I found ES 6.7/6.8 and ES 7.6 behave differently for docs.deleted counter.
But both look not correct or at least not easy to understand the logic
When performing DELETE <index>/_doc/<doc_id>, docs.deleted should increase 1.
docs.deleted shows 0 when deleting the document. (Clear up immediately)

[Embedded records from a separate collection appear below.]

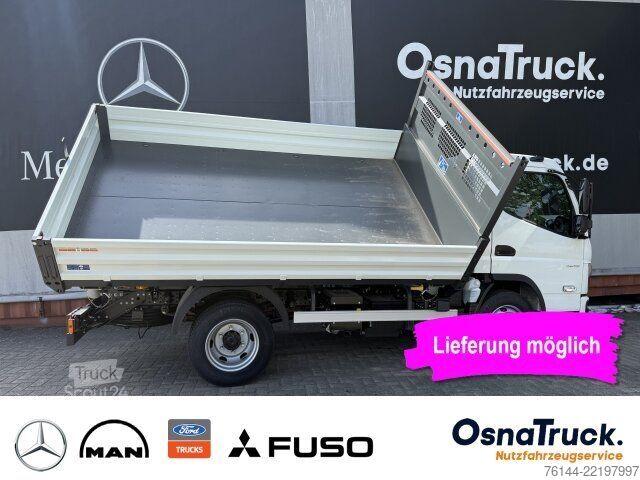 Fourgon benne basculante FUSO Canter 7C15AMT 3-Seitenkipper Autom,Nutzl.3785KG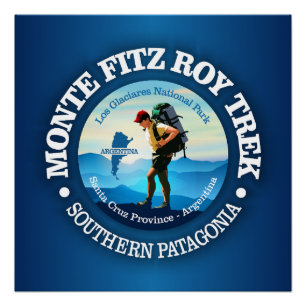 Monte Fitz Roy Trek (C) Perfect Poster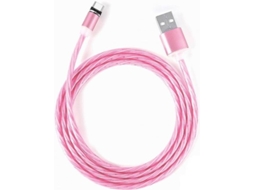 Cabo CYOO 3120984 (USB - USB-C - Rosa)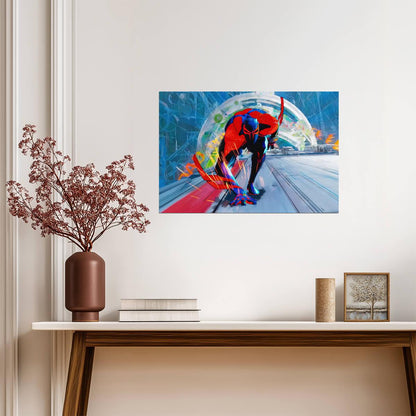Spider-Man Across the Spider-Verse Movie Poster | Spider-Man 2099 in Motion - Movies & TV Poster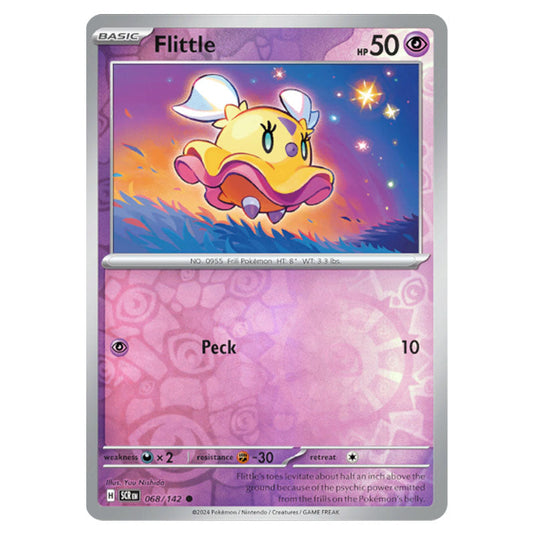 Flittle 068 card from the Pokemon set Stellar Crown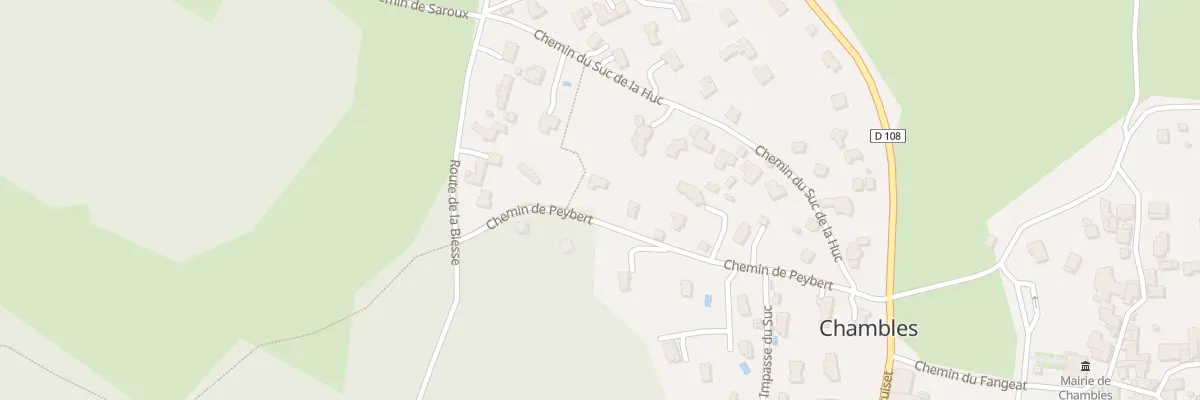 Plan du 258 Che de Peybert à Chambles
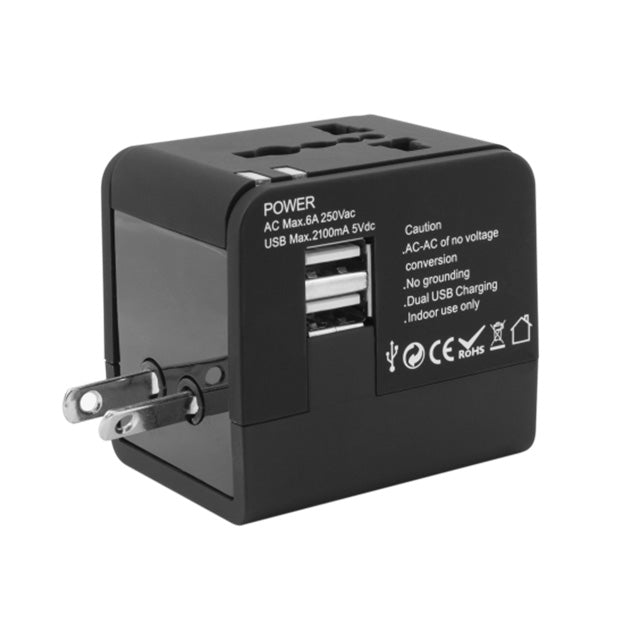 Sbox Universal Rejseadapter M/USB Udgang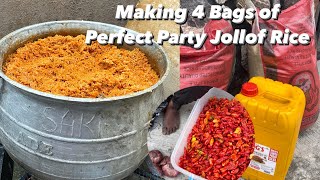 Cook 4 bags of Party Jollof rice to perfection nigerianjollof partyjollof jollof [upl. by Adnilev]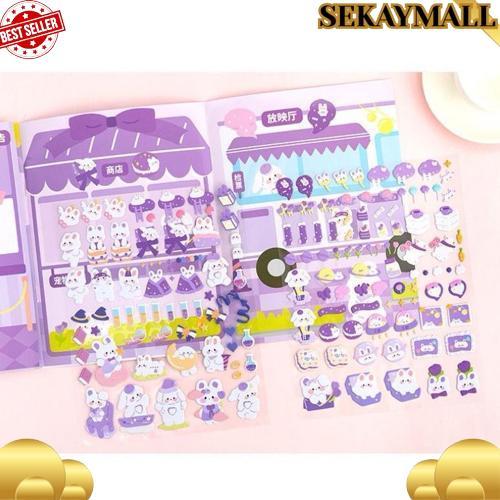 Buku Stiker DIY BEAR Quite Book Beruang Landscape Sticker Ruangan BIGDEAL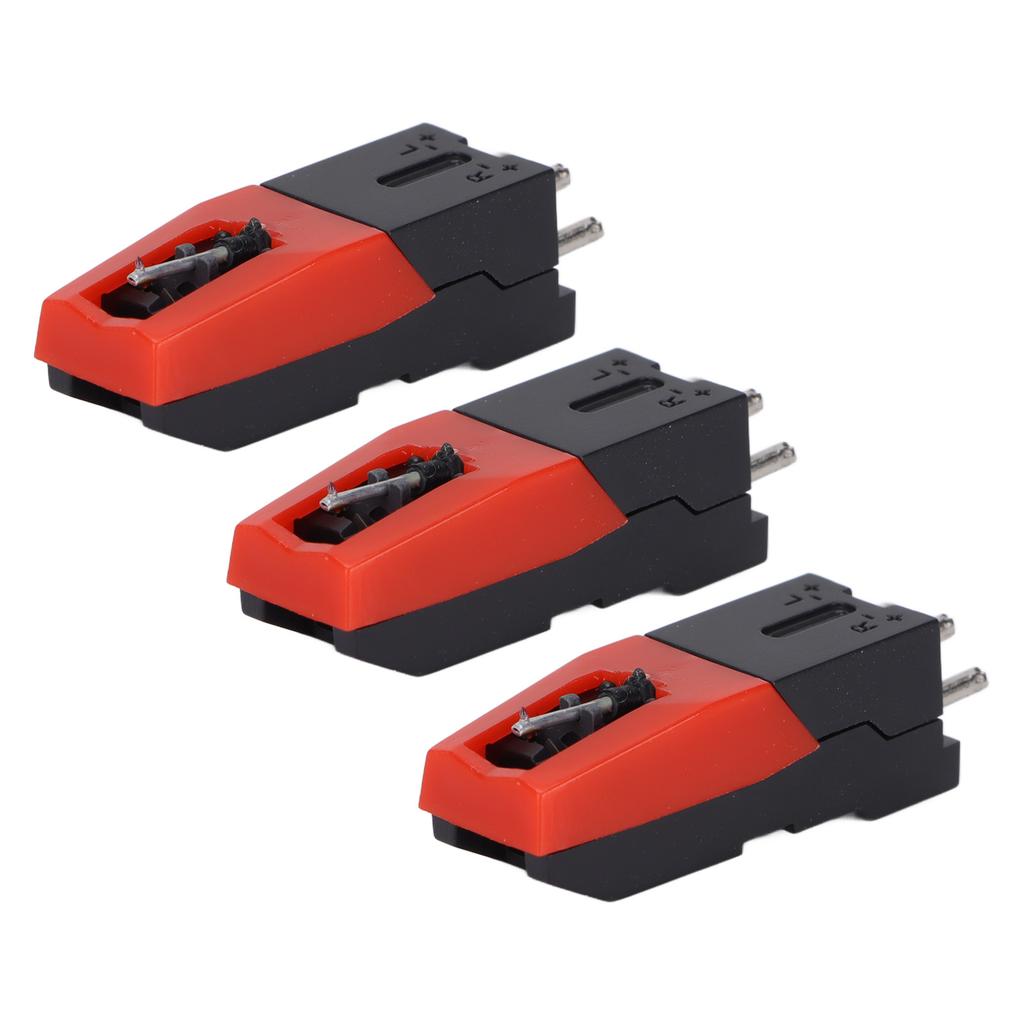 3 Pcs Record Player Needle Antique Replacement Vinyl Phonograph Stylus for Turntable LP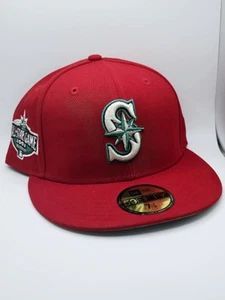 New Era Seattle Mariners MLB State Fruit 2001 ASG 59Fifty Fitted Hat Cap 7 3/8 - Picture 1 of 8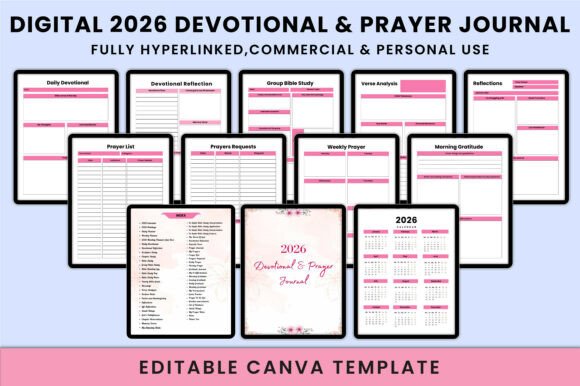 2026 Devotional Prayer Journal for Intentional Faith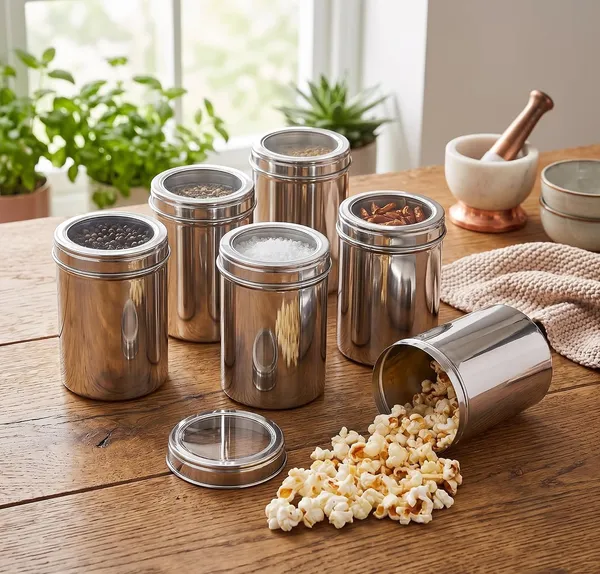 Stainless_Steel_Storage_Container_With_Transparent_Lid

# create index and put docs
DELETE my_test
PUT my_test
{"settings":{"number_of_replicas":0,"number_of_shards":1}}
PUT my_test/_doc/1
{"title":"aaa"}
PUT my_test/_doc/2
{"title":"bbb"}
# delete
DELETE my_test/_doc/1
# check docs.deleted
GET _cat/indices?v&index=my_test&h=index,health,status,docs.deleted
# response
index health status docs.deleted
my_test green open 0
When performing DELETE <index>/_doc/<doc_id>, docs.deleted should increase 1.
docs.deleted shows 2 when deleting a single document. (Increased wrongly.)
# create index and put docs
DELETE my_test
PUT my_test
{"settings":{"number_of_replicas":0,"number_of_shards":1}}
PUT my_test/_doc/1
{"title":"aaa"}
PUT my_test/_doc/2
{"title":"bbb"}
# delete
DELETE my_test/_doc/1
# check docs.deleted
GET _cat/indices?v&index=my_test&h=index,health,status,docs.deleted
# response
index health status docs.deleted
my_test green open 2
In 7.6, doc update will make docs.deleted increase 1, which is the correct and expected behavior (As the document is deleted and indexed again internally, even for partial update.)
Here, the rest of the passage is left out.